··· Material shown

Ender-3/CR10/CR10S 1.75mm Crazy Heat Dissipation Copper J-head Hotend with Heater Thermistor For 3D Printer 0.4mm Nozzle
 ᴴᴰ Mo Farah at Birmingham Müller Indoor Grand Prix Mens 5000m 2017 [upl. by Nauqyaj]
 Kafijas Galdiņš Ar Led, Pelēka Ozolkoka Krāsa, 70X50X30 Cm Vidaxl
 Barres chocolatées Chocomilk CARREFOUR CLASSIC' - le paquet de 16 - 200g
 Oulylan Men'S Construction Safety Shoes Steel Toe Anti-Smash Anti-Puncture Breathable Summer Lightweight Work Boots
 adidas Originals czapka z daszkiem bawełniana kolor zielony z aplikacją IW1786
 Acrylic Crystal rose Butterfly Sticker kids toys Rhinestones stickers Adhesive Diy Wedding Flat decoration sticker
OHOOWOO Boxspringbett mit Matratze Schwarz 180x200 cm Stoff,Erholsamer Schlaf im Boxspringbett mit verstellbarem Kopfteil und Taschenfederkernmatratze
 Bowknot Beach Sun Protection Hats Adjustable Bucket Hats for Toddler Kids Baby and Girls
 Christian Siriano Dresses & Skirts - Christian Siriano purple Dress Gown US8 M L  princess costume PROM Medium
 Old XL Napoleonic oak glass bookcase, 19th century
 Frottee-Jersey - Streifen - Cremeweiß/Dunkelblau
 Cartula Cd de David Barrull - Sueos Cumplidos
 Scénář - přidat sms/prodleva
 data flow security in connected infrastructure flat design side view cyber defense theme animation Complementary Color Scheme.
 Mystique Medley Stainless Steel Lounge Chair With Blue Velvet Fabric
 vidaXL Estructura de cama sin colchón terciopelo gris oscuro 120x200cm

······

§ What this task involves
Beginning at the line with "OHOOWOO Boxspringbett mit" and ending at the line with "Bowknot Beach Sun", reproduce each line of the data above exactly, and add no other lines.

§ Written solution
OHOOWOO Boxspringbett mit Matratze Schwarz 180x200 cm Stoff,Erholsamer Schlaf im Boxspringbett mit verstellbarem Kopfteil und Taschenfederkernmatratze
 Bowknot Beach Sun Protection Hats Adjustable Bucket Hats for Toddler Kids Baby and Girls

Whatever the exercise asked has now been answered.